• [Exercise directions] Wherever pictures appear in the listing below, leave them out, and copy exactly, and only, everything from the line with "Hunters Point tide" down to the line with "Courbe de l'humidex".

• [Provided data]
++++++

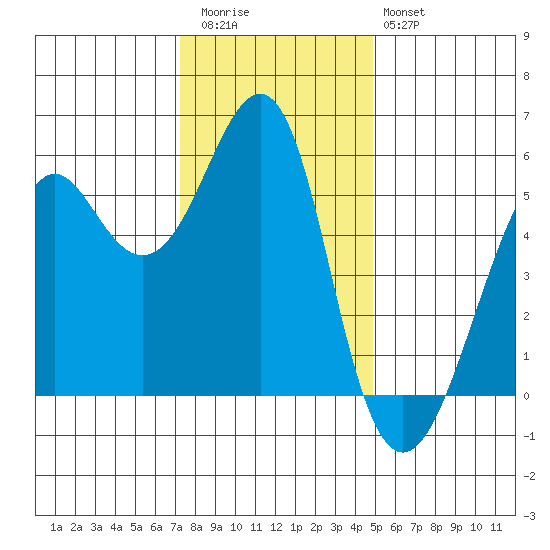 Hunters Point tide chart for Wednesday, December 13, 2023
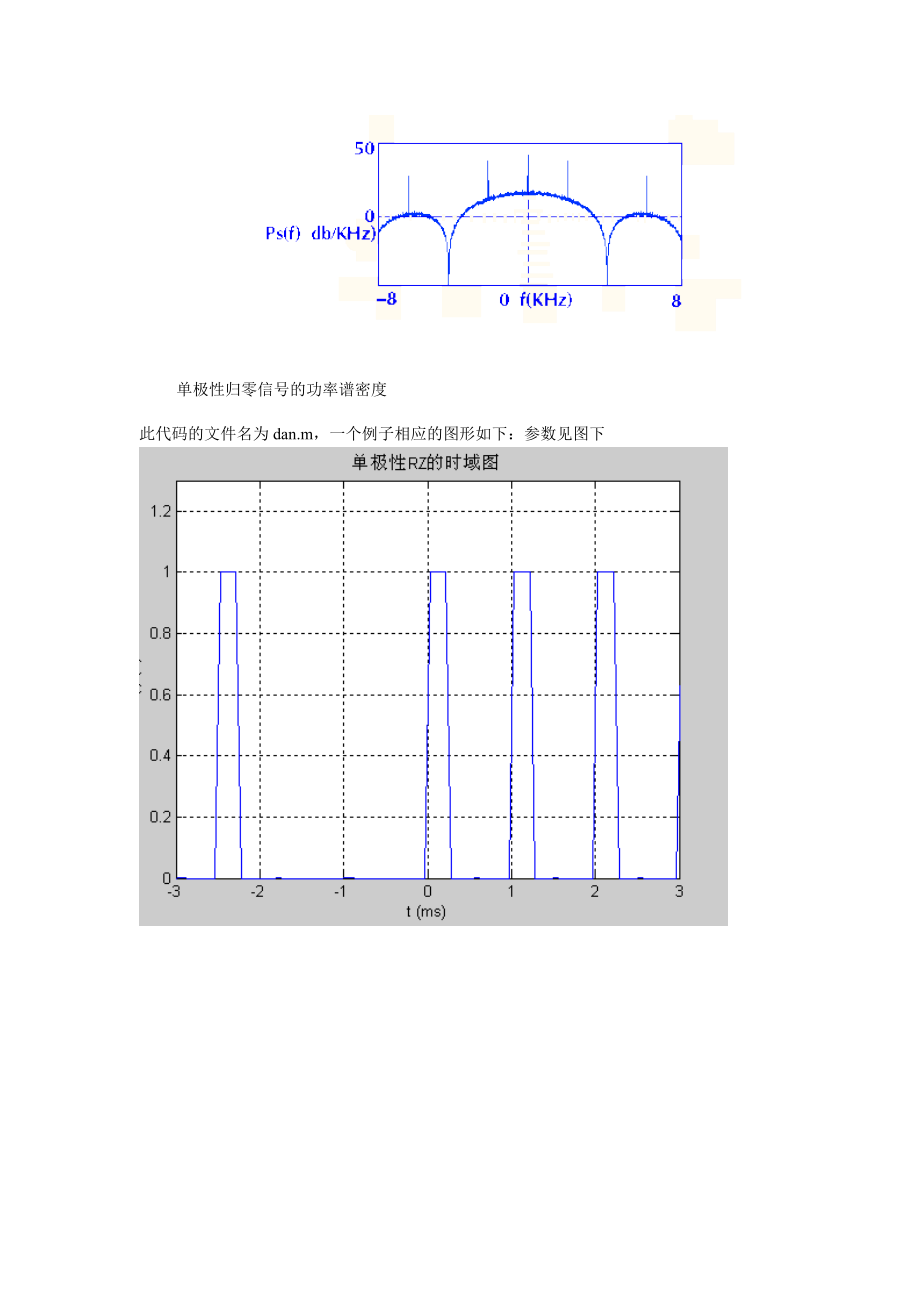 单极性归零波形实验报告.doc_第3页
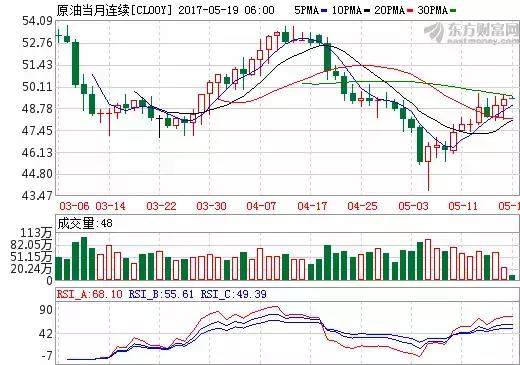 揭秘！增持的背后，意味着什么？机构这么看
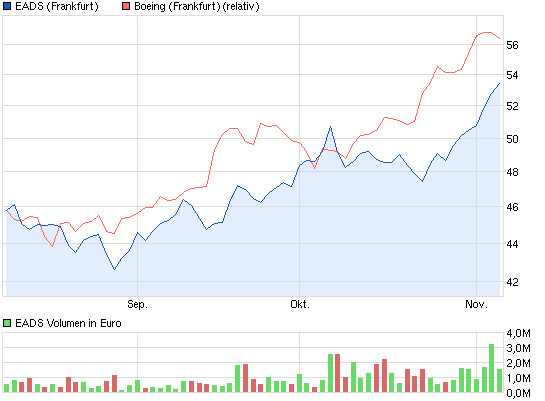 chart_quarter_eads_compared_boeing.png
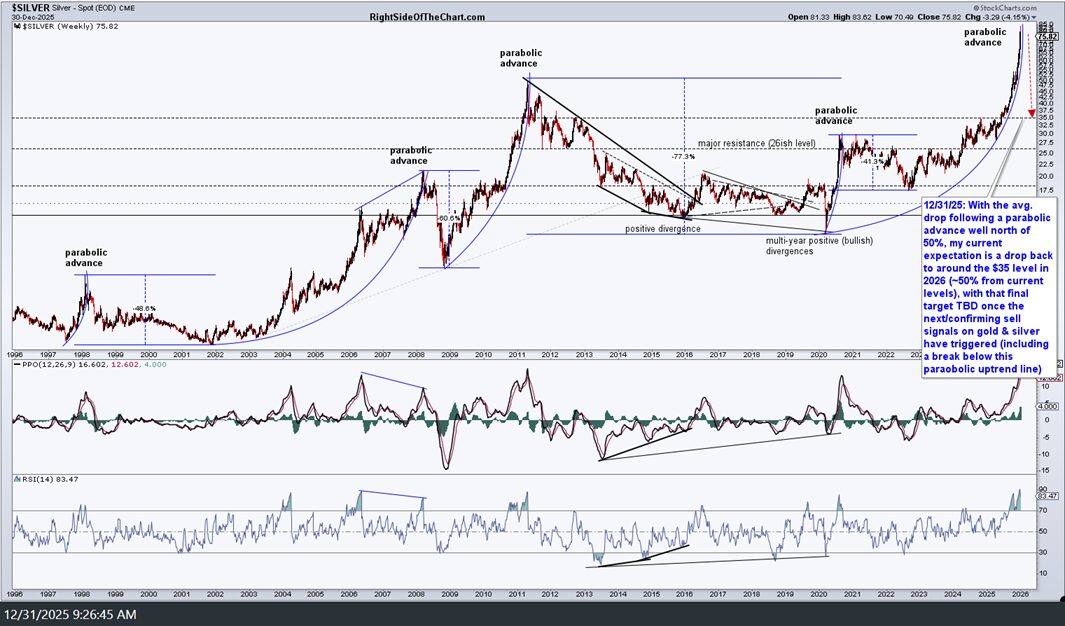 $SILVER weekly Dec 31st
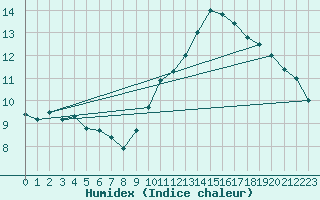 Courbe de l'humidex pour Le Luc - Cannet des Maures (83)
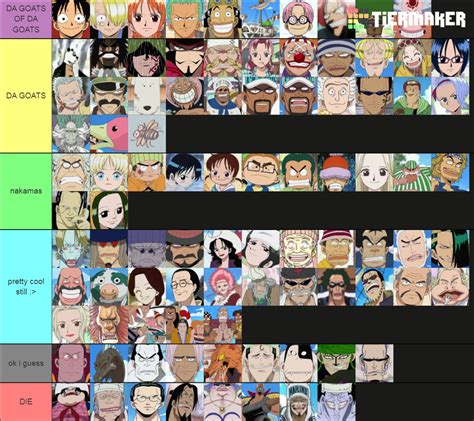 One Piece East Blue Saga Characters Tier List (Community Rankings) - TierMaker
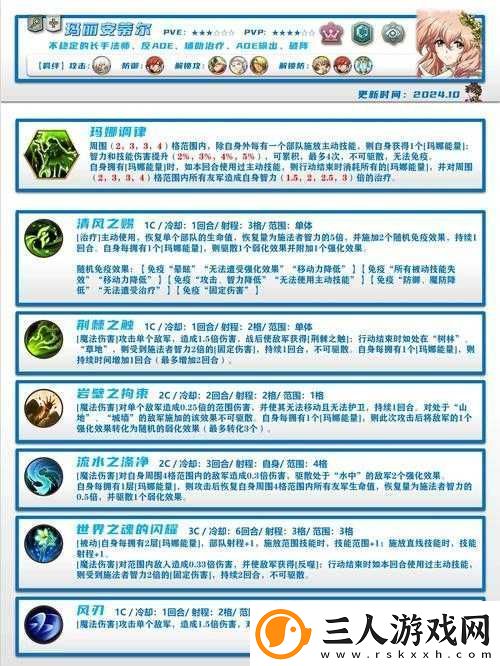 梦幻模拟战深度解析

++++++

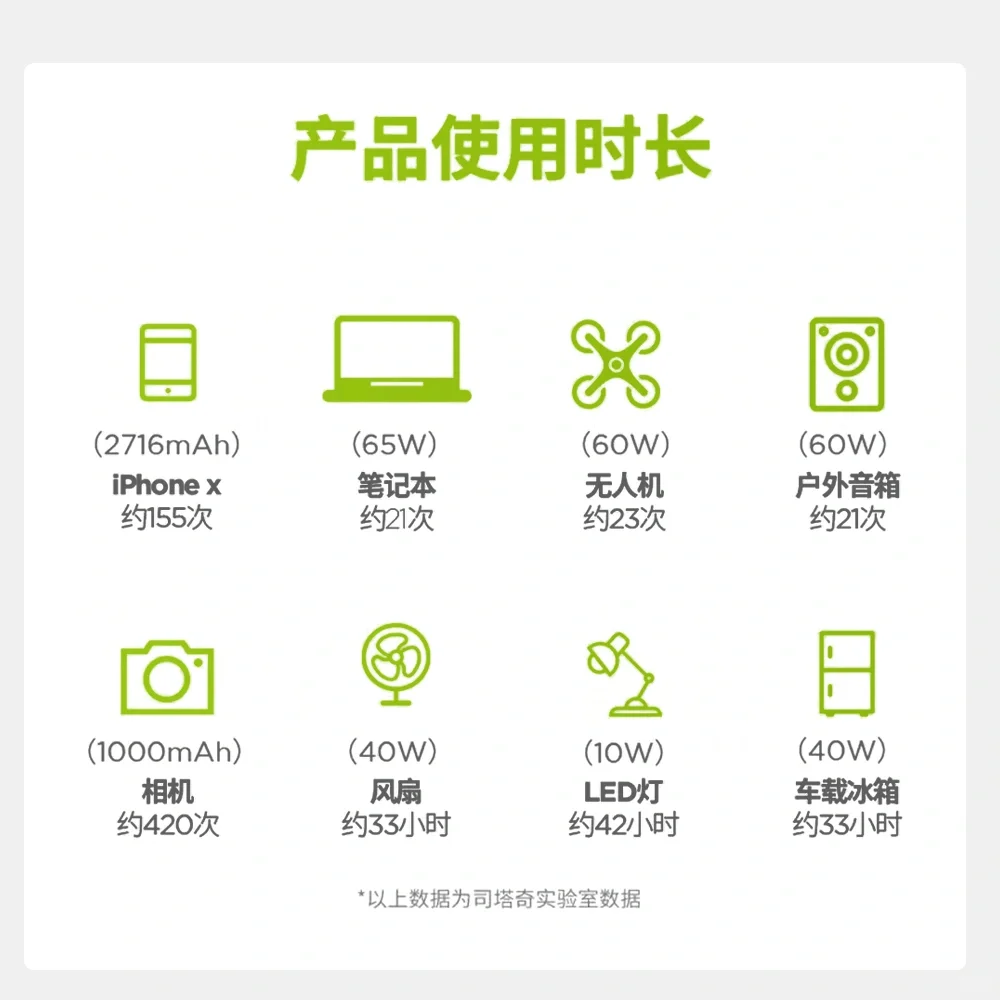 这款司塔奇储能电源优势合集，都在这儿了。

++++++

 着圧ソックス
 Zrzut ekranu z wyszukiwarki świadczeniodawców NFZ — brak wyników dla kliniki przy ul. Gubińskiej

++++++

• [Output of the task]
 Hunters Point tide chart for Wednesday, December 13, 2023
 单极性归零波形实验报告.doc_第3页
 揭秘！增持的背后，意味着什么？机构这么看
 chart_quarter_eads_compared_boeing.png
 $SILVER weekly Dec 31st
 Courbe de l'humidex pour Le Luc - Cannet des Maures (83)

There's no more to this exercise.